_DIRECTIONS_. Only the lines below from the one that contains "Sprawling ranch W/ HUGE Yard, Patio, & W/D" through the one that contains "702 N Ridge" should appear in your answer, exact and without pictures.

*** Opening of DATASET ***

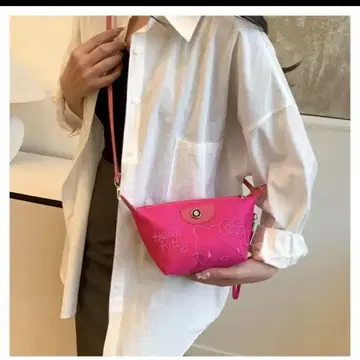 Hello Kitty 핑크 숄더백 사코슈 백 파우치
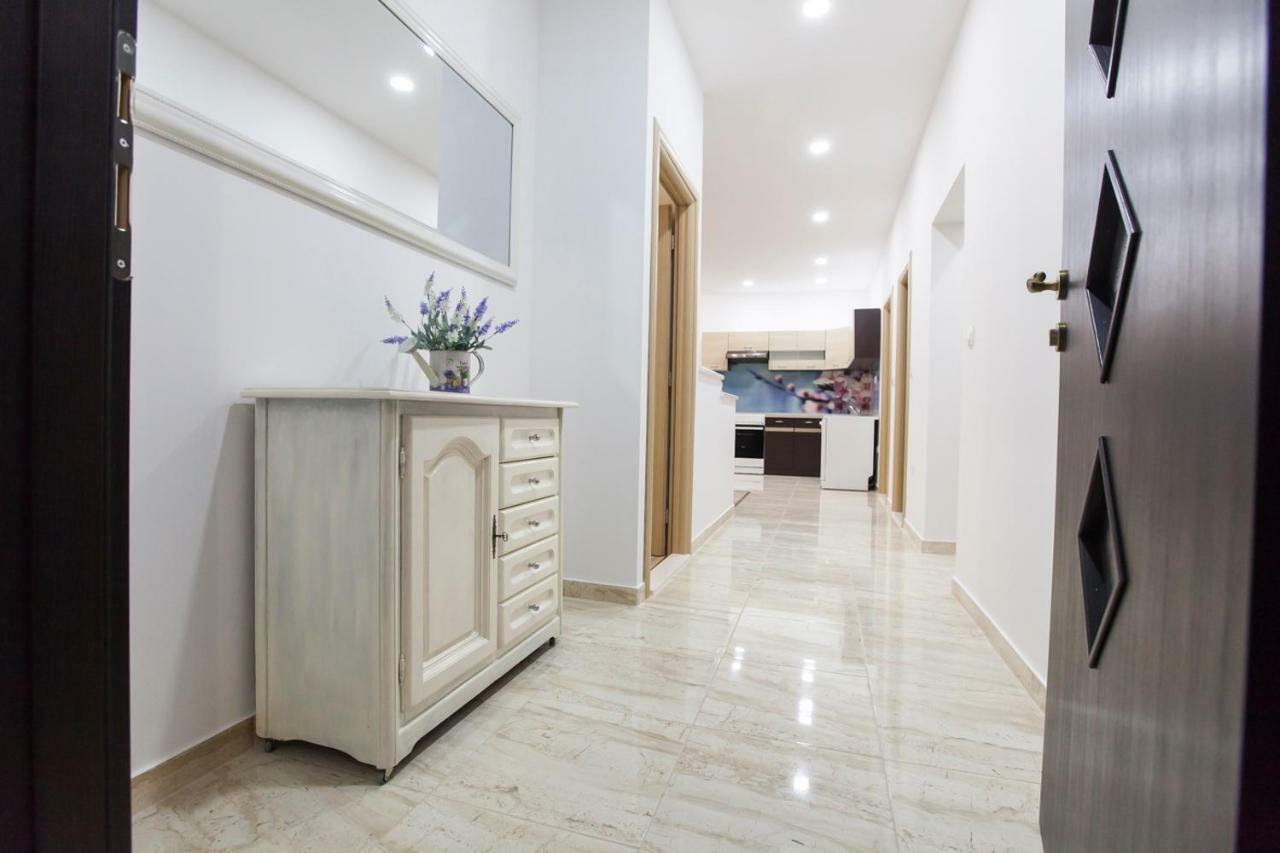 Apartment Dalmatia Каштела Екстер'єр фото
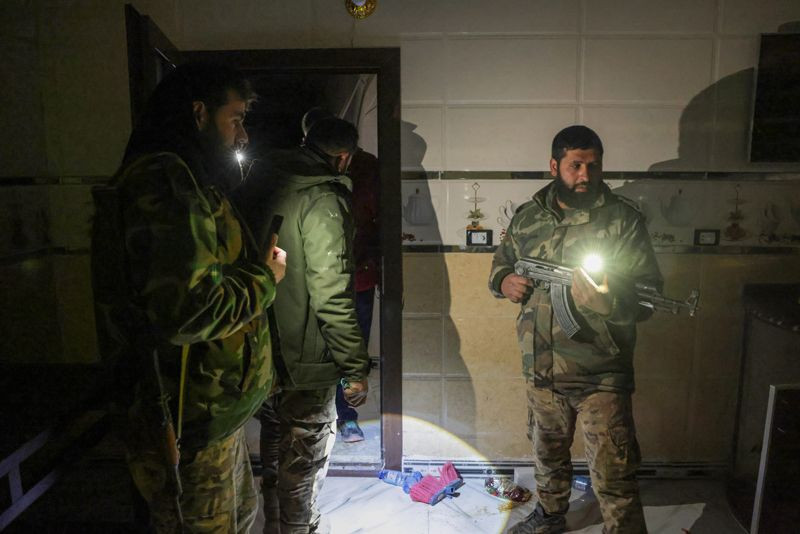 Suriye'nin altını köstebek yuvasına çevirmişler YPG tünelleri görüntülendi - Resim: 10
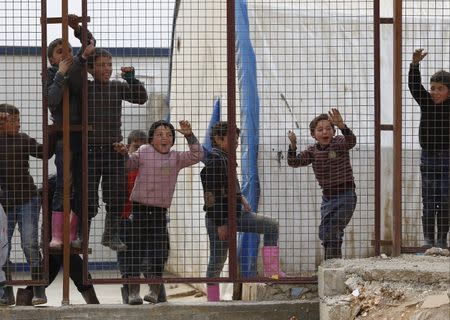 Internally displaced Syrian children play at a refugee camp near the Bab al-Salam crossing, across from Turkey's Kilis province, on the outskirts of the northern border town of Azaz, Syria February 6, 2016. REUTERS/Osman Orsal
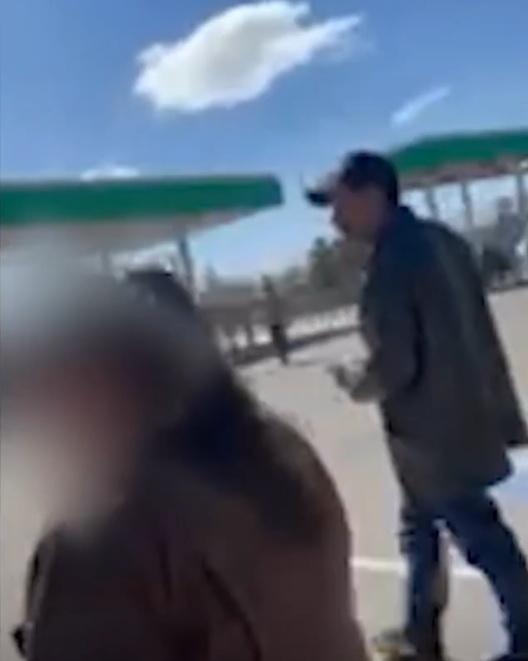 女子假裝打電話,偷偷拍下疑犯樣貎、疑犯的座駕等照片給予警方。(X)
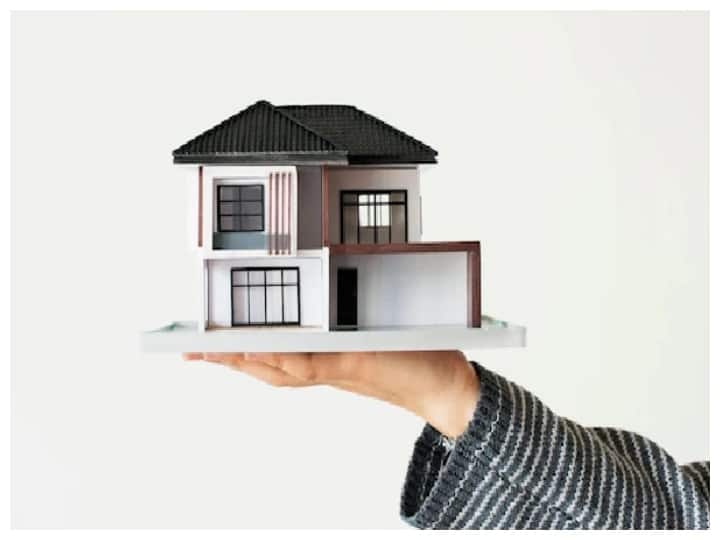 Canada Govt Bans Most Foreigners From Buying Homes And Residential Property Skyrocketing Prices Canada News: कनाडा में विदेशी अब नहीं खरीद सकेंगे घर, सरकार ने लगाया प्रॉपर्टी खरीदने पर बैन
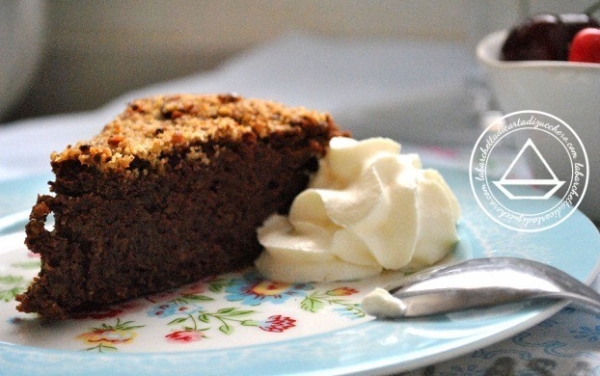 Torta al cioccolato di Modica, pistacchi di Bronte e nocciole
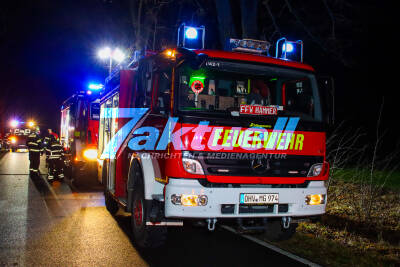 700 PS Sportwagen kracht gegen Baum - 27-jähriger Dodge-Fahrer war nicht mehr ansprechbar - Intensivhubschrauber Christoph Berlin im Einsatz - Zwei O-Töne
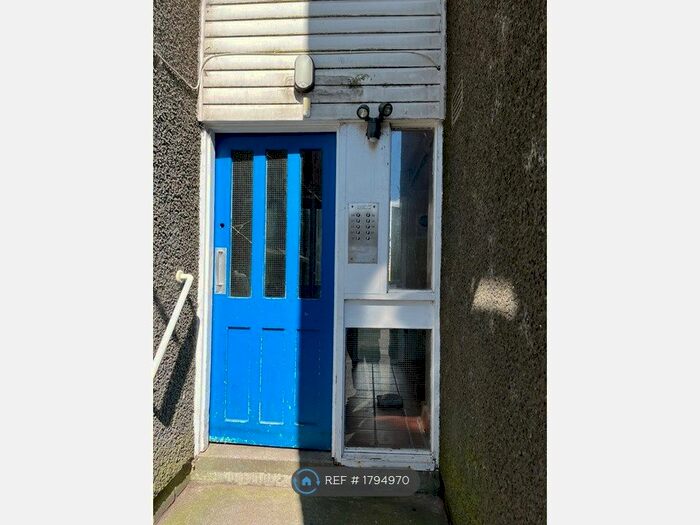 3 Bedroom Flat To Rent In Glen Isla Road, Kirkcaldy, KY2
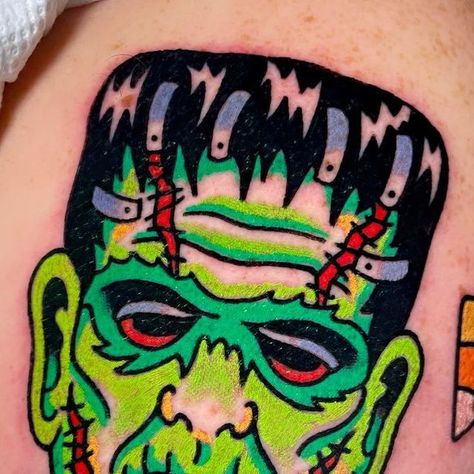 Cute Frankenstein Tattoo, Frankenstein Tattoo Traditional, Traditional Frankenstein Tattoo, Vintage Halloween Tattoos, Monsters Tattoo, Frankenstein Mask, Frankenstein Tattoo, Halloween Tattoo Flash, Sick Tattoos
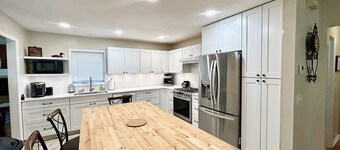 Sprawling ranch W/ HUGE Yard, Patio, & W/D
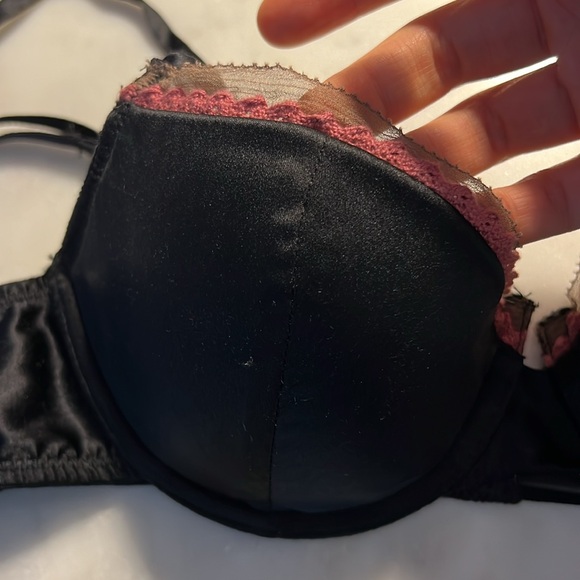 Elle Macpherson Intimates Balcony Bra Black Silk Size 34A - Picture 2 of 8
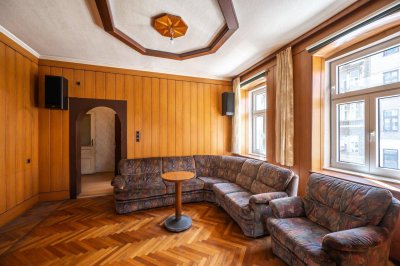 ++NSG122++ 4-Zimmer Altbau-Wohnung (sanierungsbedürftig) in tolle Lage viel Potenzial!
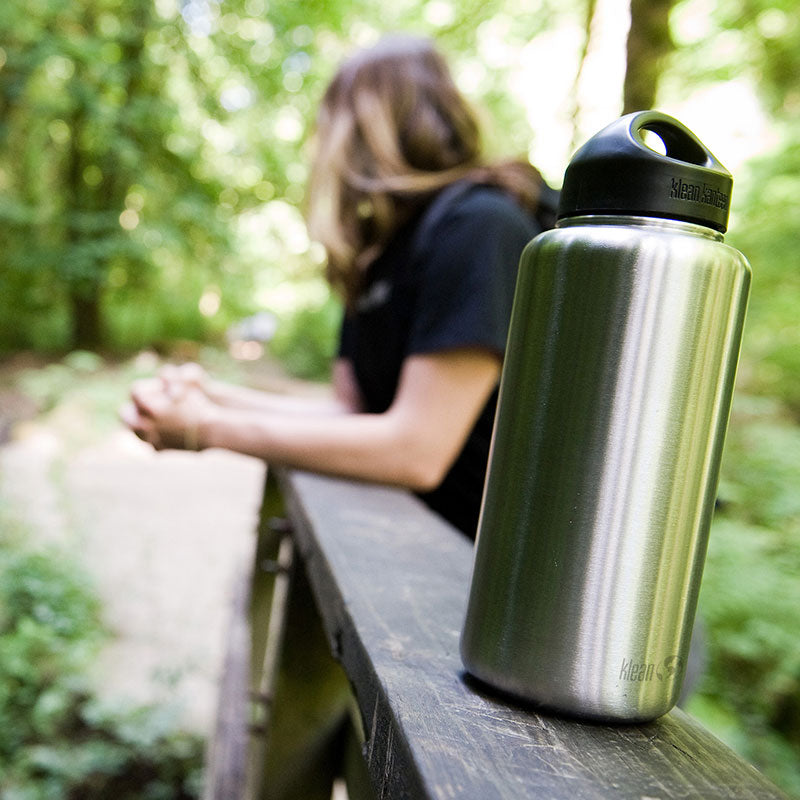 40oz-wide-with-loop-cap-e8 wide_40oz_bottle_bridge_closeup_square.jpg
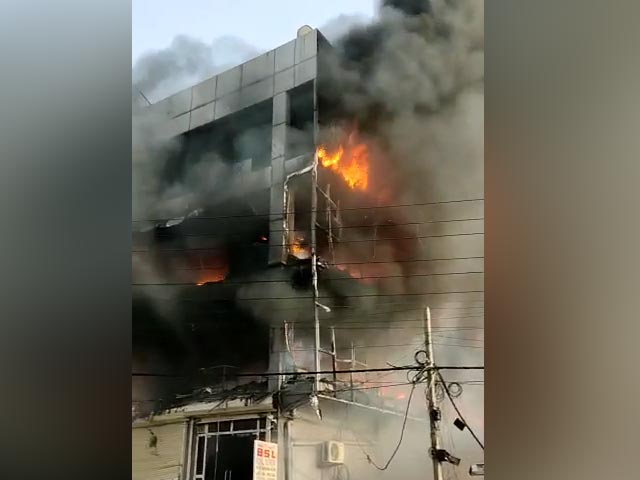 वेस्ट दिल्ली में मेट्रो स्टेशन के निकट इमारत में लगी आग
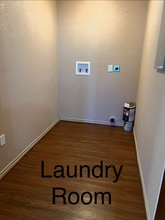 702 N Ridge St in Lampasas, TX - Building Photo - Building Photo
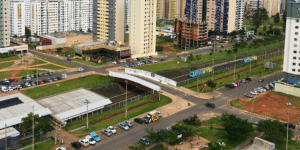 Passageiro sofre acidente após prender mão na porta do metrô em Águas Claras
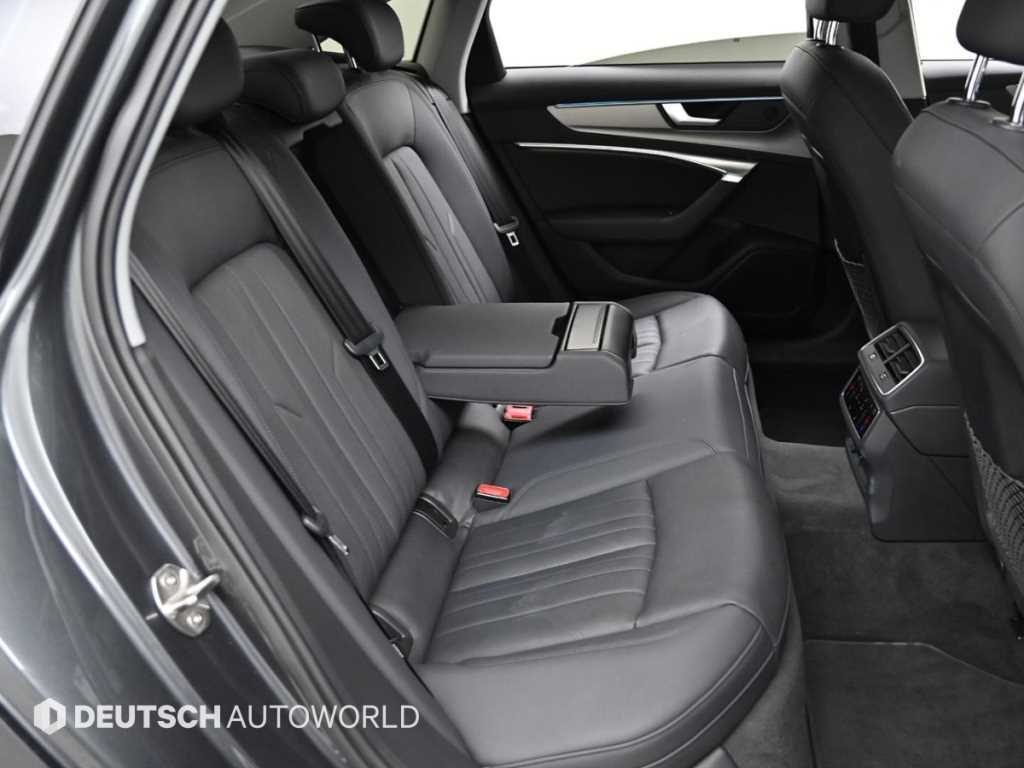 Audi A6 — photo 12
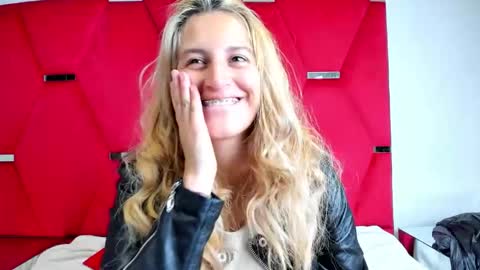 GiaRoussel online show from 02.02.26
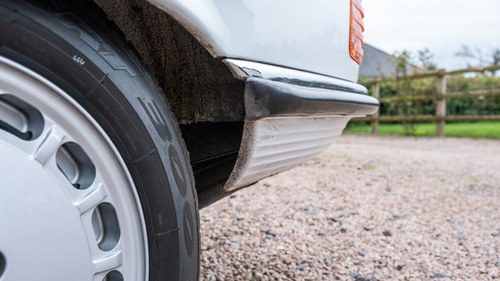 1989 Mercedes-Benz 300 SL R107 For Sale (picture 158 of 275)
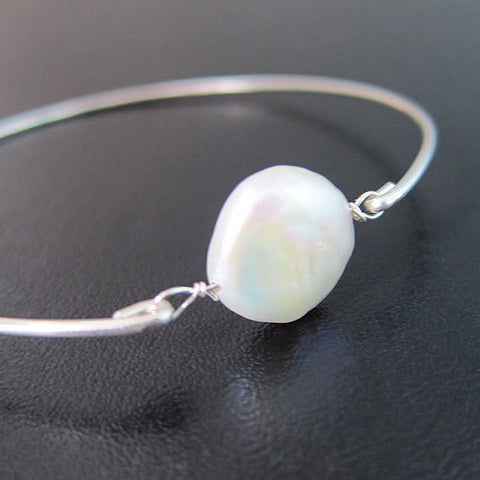 Image of White Cultured Freshwater Coin Pearl Bracelet-FrostedWillow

*** Close of DATASET ***

_ANSWER BOX_.
 Sprawling ranch W/ HUGE Yard, Patio, & W/D
 Elle Macpherson Intimates Balcony Bra Black Silk Size 34A - Picture 2 of 8
 ++NSG122++ 4-Zimmer Altbau-Wohnung (sanierungsbedürftig) in tolle Lage viel Potenzial!
 40oz-wide-with-loop-cap-e8 wide_40oz_bottle_bridge_closeup_square.jpg
 वेस्ट दिल्ली में मेट्रो स्टेशन के निकट इमारत में लगी आग
 702 N Ridge St in Lampasas, TX - Building Photo - Building Photo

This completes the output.